Data supplied:
○ ○ ○ ○
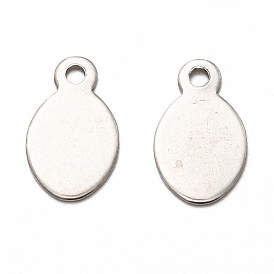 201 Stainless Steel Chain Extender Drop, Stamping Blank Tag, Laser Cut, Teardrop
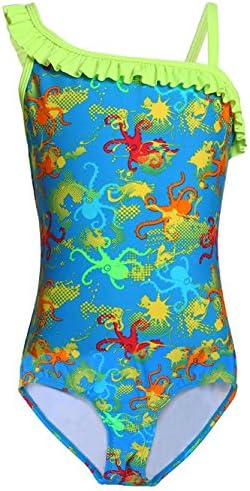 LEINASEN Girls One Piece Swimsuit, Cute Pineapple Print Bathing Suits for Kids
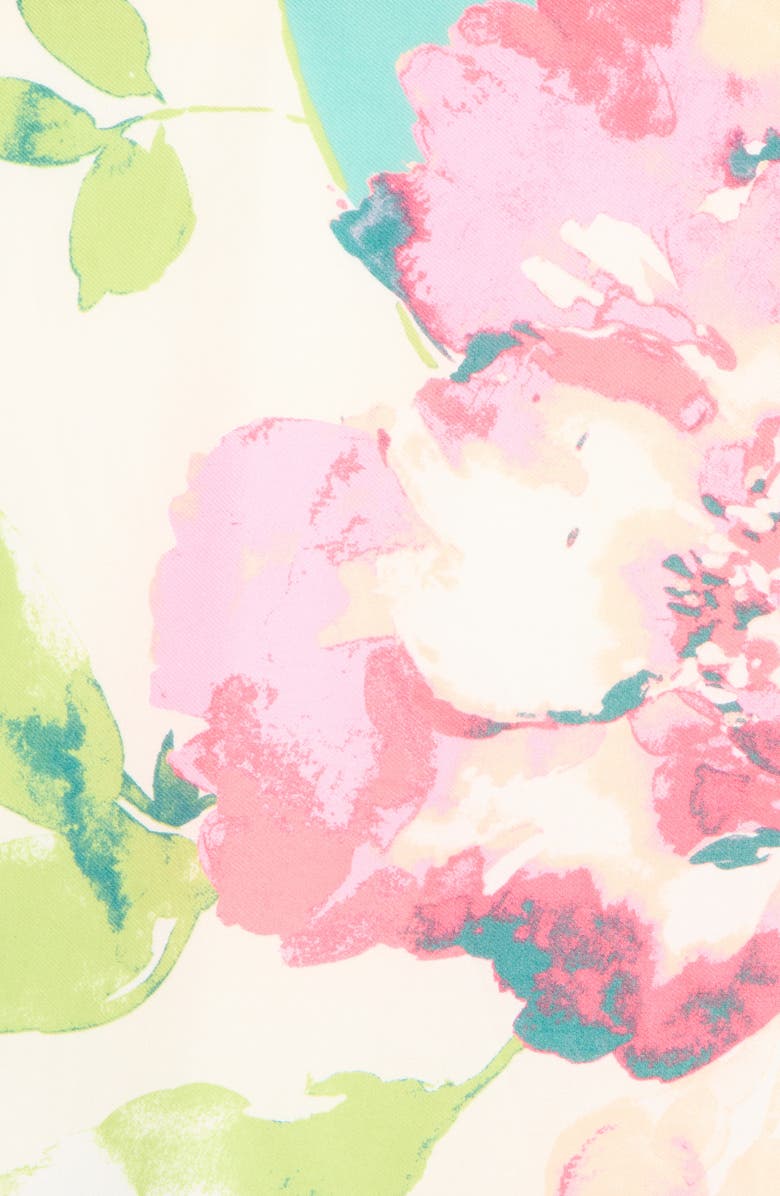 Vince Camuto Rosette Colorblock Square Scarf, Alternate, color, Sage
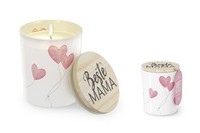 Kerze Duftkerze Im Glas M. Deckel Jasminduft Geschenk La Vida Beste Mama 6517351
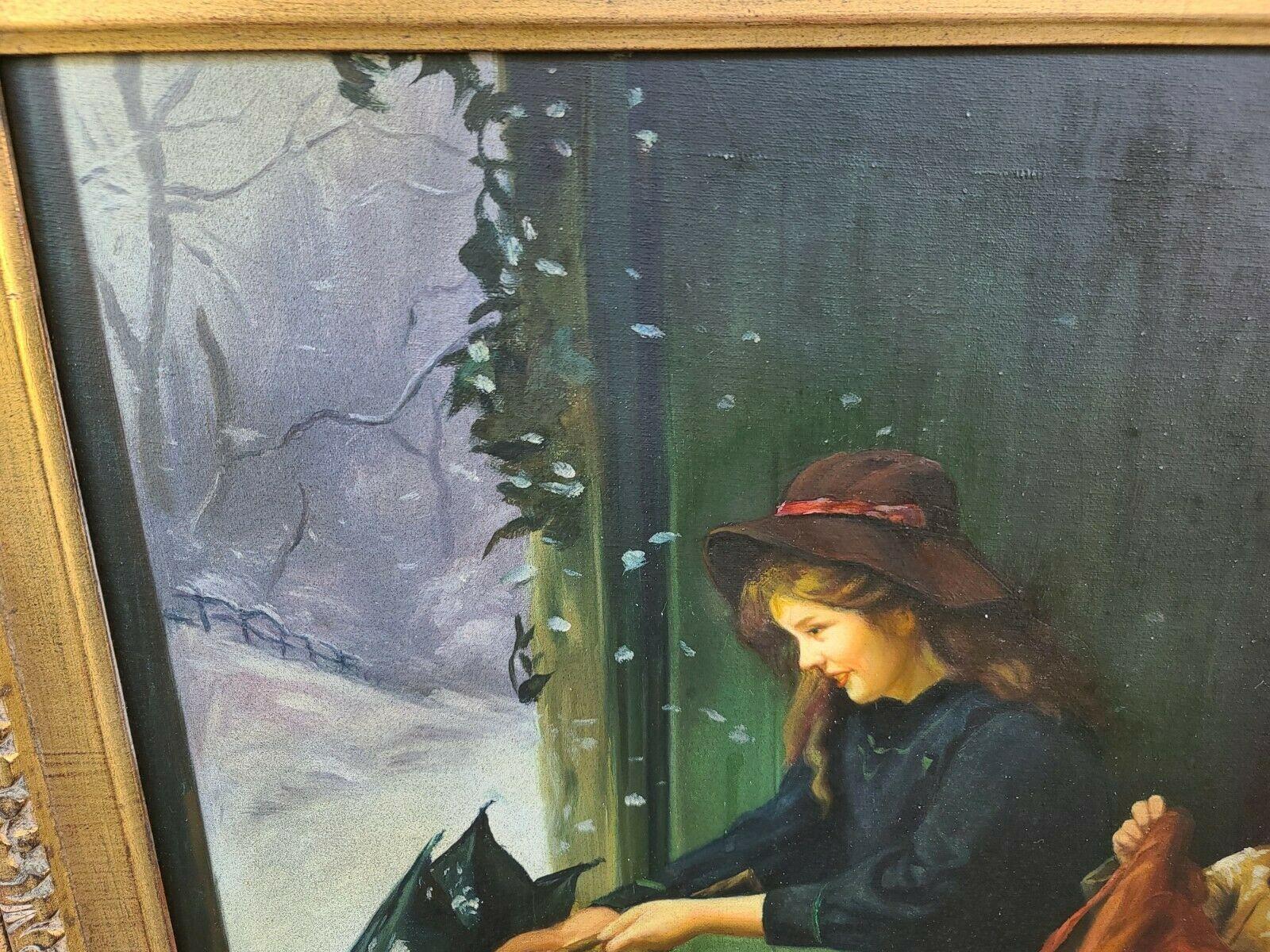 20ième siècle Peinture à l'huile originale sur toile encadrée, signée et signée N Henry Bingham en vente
○ ○ ○ ○
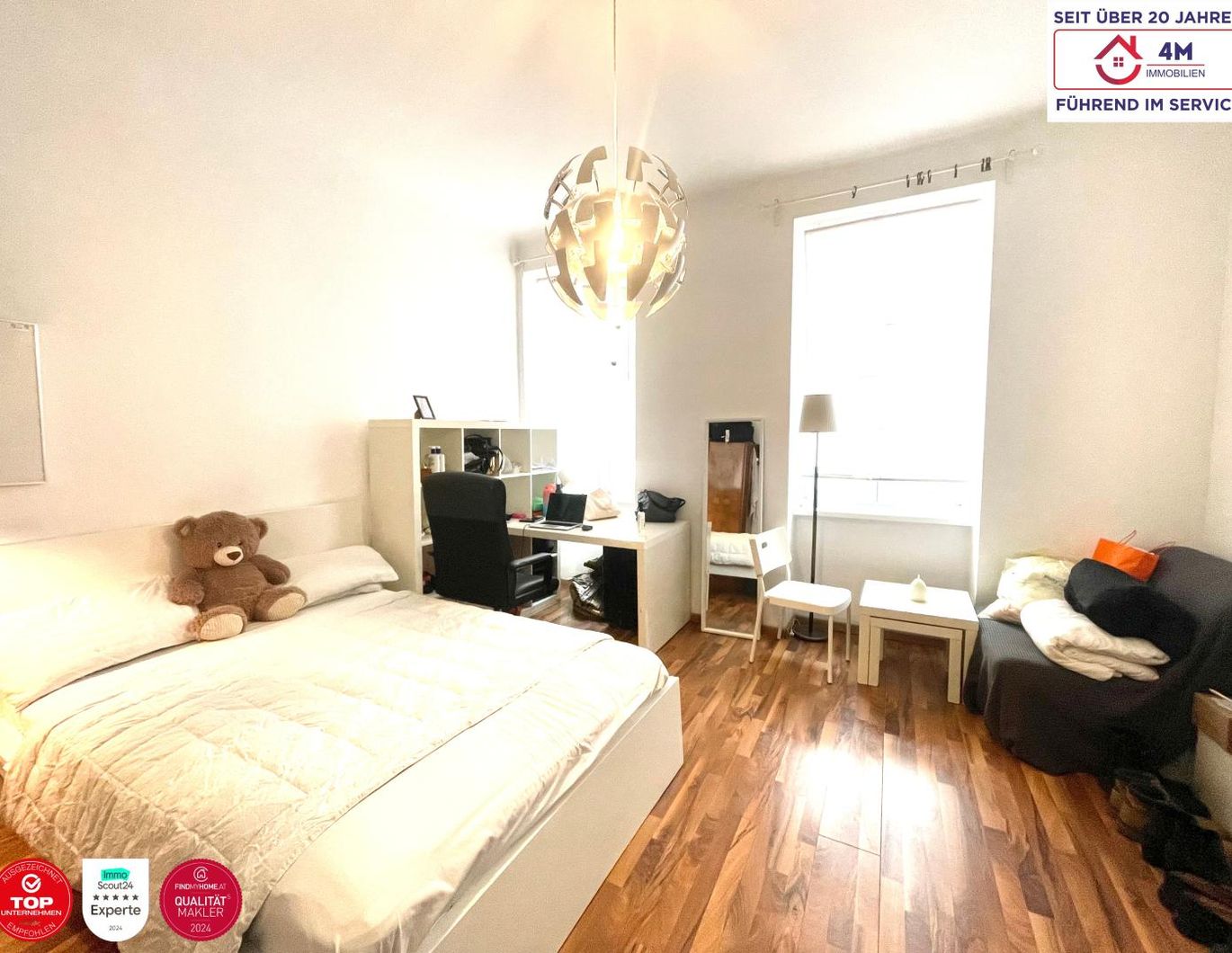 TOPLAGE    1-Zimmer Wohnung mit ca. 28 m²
○ ○ ○ ○
Your task:
Print from the line containing "201 Stainless Steel" through the line containing "20ième siècle Peinture" in the data above, exactly as the lines stand, and omit every picture.

Written solution:
 201 Stainless Steel Chain Extender Drop, Stamping Blank Tag, Laser Cut, Teardrop
 LEINASEN Girls One Piece Swimsuit, Cute Pineapple Print Bathing Suits for Kids
 Vince Camuto Rosette Colorblock Square Scarf, Alternate, color, Sage
 Kerze Duftkerze Im Glas M. Deckel Jasminduft Geschenk La Vida Beste Mama 6517351
 20ième siècle Peinture à l'huile originale sur toile encadrée, signée et signée N Henry Bingham en vente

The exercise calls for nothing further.